Directions for this task → Reproduce only what lies between the first line of the material below and the line containing "Modern farmhouse interior", with both of those lines included and every line kept exact.

Dataset excerpts →
-------

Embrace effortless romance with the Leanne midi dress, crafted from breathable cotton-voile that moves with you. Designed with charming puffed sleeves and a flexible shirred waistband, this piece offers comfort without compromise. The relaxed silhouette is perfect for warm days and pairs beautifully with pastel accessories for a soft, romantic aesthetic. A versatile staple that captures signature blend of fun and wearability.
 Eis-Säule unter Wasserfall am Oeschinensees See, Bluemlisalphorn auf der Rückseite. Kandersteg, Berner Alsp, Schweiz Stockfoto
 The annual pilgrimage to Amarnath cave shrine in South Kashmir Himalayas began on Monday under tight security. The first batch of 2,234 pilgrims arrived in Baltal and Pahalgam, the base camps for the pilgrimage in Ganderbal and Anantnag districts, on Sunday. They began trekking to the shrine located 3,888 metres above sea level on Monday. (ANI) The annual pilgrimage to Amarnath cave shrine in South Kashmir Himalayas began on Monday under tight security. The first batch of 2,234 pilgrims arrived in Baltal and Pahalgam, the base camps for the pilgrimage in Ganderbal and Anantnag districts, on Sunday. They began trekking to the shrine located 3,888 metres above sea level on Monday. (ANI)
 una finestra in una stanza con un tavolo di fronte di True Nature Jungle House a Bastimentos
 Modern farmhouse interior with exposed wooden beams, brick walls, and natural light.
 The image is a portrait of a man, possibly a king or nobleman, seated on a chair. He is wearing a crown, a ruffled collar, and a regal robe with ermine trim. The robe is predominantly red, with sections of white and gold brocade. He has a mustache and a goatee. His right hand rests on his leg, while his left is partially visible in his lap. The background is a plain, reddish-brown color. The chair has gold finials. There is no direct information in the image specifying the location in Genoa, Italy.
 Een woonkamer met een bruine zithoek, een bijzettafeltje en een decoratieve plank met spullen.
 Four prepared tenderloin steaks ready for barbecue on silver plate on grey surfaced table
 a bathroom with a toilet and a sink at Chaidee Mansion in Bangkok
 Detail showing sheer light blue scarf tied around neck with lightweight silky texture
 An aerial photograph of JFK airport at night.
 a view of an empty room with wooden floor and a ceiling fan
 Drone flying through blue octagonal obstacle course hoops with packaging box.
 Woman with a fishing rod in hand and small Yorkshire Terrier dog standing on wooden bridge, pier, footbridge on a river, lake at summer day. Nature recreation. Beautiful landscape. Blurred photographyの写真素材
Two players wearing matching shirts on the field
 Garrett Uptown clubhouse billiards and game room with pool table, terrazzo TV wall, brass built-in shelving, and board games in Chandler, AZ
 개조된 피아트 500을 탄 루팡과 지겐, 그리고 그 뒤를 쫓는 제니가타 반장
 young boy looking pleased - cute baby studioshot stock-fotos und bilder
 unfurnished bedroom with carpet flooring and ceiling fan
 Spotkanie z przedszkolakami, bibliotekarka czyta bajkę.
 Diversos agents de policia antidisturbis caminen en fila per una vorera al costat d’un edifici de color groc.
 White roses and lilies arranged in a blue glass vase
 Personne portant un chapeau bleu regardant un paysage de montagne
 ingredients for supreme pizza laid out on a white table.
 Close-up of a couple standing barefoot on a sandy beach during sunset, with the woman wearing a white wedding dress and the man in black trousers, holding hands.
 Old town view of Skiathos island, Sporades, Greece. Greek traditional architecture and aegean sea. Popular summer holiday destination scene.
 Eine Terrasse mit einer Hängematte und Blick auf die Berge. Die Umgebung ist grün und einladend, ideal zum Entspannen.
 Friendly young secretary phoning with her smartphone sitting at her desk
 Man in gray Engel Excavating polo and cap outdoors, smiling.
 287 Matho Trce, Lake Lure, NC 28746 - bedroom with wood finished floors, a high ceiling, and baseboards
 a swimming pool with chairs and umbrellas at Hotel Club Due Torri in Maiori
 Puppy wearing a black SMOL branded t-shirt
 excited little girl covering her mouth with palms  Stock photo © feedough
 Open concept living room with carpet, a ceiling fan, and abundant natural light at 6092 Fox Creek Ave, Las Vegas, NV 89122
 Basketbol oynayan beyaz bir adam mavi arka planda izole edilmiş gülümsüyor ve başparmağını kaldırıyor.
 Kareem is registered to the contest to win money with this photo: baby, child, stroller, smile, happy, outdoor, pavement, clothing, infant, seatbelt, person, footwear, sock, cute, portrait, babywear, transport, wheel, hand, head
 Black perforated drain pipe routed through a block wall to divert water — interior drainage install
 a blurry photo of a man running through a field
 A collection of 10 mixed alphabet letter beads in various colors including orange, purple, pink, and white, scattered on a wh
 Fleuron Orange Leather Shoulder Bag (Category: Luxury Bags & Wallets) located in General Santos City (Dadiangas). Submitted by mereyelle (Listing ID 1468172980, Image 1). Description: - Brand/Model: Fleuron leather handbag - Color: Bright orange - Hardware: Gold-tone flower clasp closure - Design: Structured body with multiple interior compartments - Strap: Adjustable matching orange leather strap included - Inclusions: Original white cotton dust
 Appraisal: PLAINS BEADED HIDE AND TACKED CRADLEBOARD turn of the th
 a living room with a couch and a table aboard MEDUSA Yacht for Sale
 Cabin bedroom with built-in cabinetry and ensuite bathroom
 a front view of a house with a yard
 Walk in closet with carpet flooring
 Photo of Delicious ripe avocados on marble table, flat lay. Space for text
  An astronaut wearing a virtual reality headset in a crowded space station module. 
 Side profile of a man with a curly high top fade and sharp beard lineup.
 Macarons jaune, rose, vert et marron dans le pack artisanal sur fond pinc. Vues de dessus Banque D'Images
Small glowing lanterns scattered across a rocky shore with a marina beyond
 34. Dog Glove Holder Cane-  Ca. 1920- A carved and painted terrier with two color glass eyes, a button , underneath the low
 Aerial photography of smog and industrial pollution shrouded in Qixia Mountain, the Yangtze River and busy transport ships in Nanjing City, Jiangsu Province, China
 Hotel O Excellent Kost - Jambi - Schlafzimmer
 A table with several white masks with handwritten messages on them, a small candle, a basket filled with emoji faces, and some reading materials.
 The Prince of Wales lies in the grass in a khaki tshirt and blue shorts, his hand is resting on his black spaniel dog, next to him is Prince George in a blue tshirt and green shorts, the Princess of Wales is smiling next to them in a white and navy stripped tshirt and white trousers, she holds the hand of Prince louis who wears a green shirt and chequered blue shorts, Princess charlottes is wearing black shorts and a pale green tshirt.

-------

Exercise result →
Embrace effortless romance with the Leanne midi dress, crafted from breathable cotton-voile that moves with you. Designed with charming puffed sleeves and a flexible shirred waistband, this piece offers comfort without compromise. The relaxed silhouette is perfect for warm days and pairs beautifully with pastel accessories for a soft, romantic aesthetic. A versatile staple that captures signature blend of fun and wearability.
 Eis-Säule unter Wasserfall am Oeschinensees See, Bluemlisalphorn auf der Rückseite. Kandersteg, Berner Alsp, Schweiz Stockfoto
 The annual pilgrimage to Amarnath cave shrine in South Kashmir Himalayas began on Monday under tight security. The first batch of 2,234 pilgrims arrived in Baltal and Pahalgam, the base camps for the pilgrimage in Ganderbal and Anantnag districts, on Sunday. They began trekking to the shrine located 3,888 metres above sea level on Monday. (ANI) The annual pilgrimage to Amarnath cave shrine in South Kashmir Himalayas began on Monday under tight security. The first batch of 2,234 pilgrims arrived in Baltal and Pahalgam, the base camps for the pilgrimage in Ganderbal and Anantnag districts, on Sunday. They began trekking to the shrine located 3,888 metres above sea level on Monday. (ANI)
 una finestra in una stanza con un tavolo di fronte di True Nature Jungle House a Bastimentos
 Modern farmhouse interior with exposed wooden beams, brick walls, and natural light.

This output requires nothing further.